• [ABOUT THIS TASK]: Please write out exactly the lines from the opening of the listing through the line that holds "For that, you", including both, and nothing else; no pictures.

• [PROVIDED MATERIAL]:

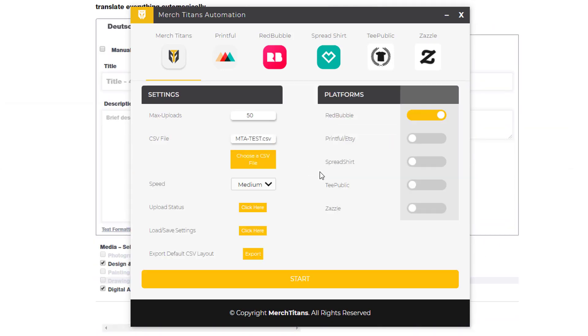And just real quick, I'll point out that you can enable every one of these platforms, start the software, and run them all at the same time, automating every one of them simultaneously. So it's super powerful and there's a lot you can do with it. There's a lot of flexibility, and we're just starting to get to the tip of the iceberg because there's a lot of features that we're going to be implementing over time.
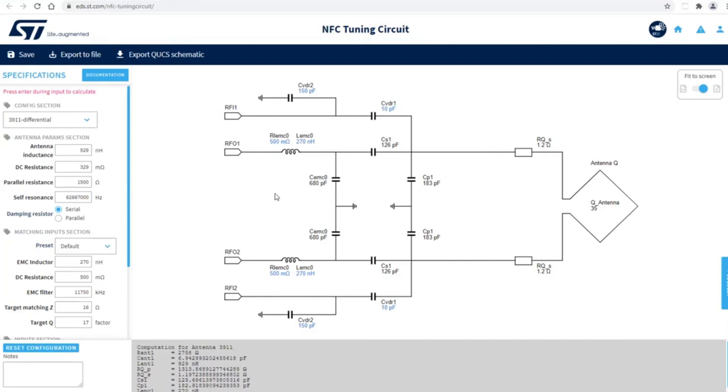So here it gives you the matching network of the ST25R3911B in differential configuration.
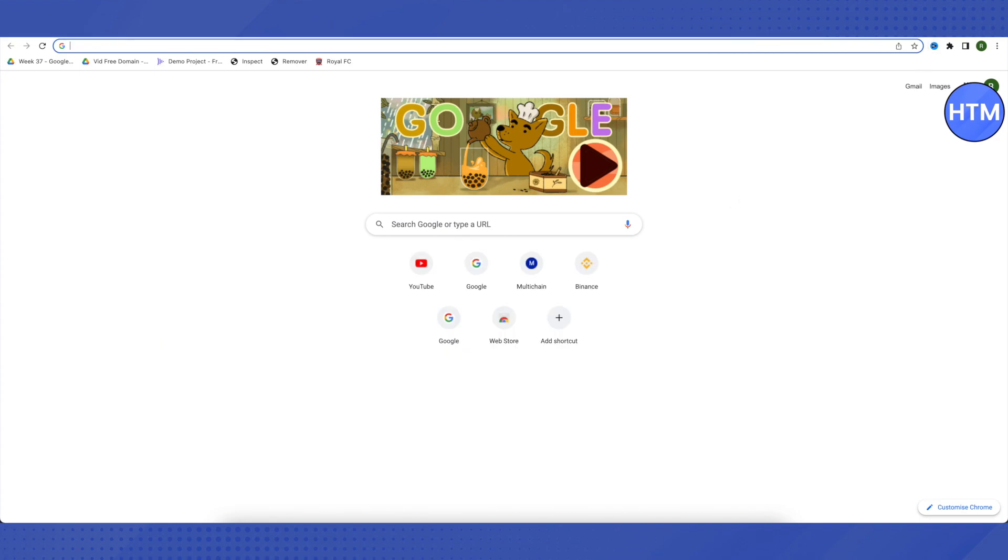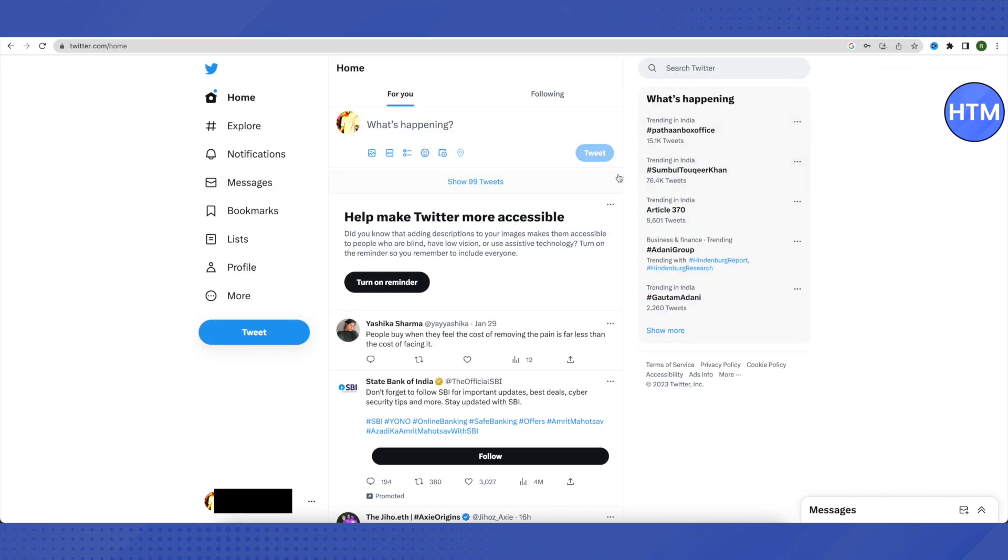For that, you need to open up your Twitter account. The process is similar even on the mobile device.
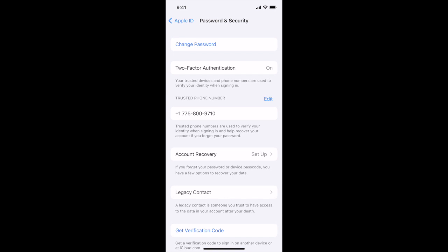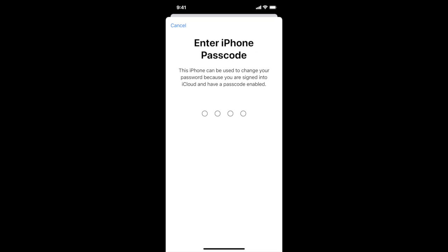Up at the top, the first thing you see is Change Password. You can also see your two-factor authentication — if you want to change your trusted phone number for two-factor authentication, you can do that here. You can also set up account recovery. It's a nice spot to know where your security options are for your Apple ID. We're going to go ahead and tap Change Password. If you have a passcode turned on, it's going to ask for your passcode to unlock the phone and authorize the change.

• [REPLY]:
And just real quick, I'll point out that you can enable every one of these platforms, start the software, and run them all at the same time, automating every one of them simultaneously. So it's super powerful and there's a lot you can do with it. There's a lot of flexibility, and we're just starting to get to the tip of the iceberg because there's a lot of features that we're going to be implementing over time.
So here it gives you the matching network of the ST25R3911B in differential configuration.
For that, you need to open up your Twitter account. The process is similar even on the mobile device.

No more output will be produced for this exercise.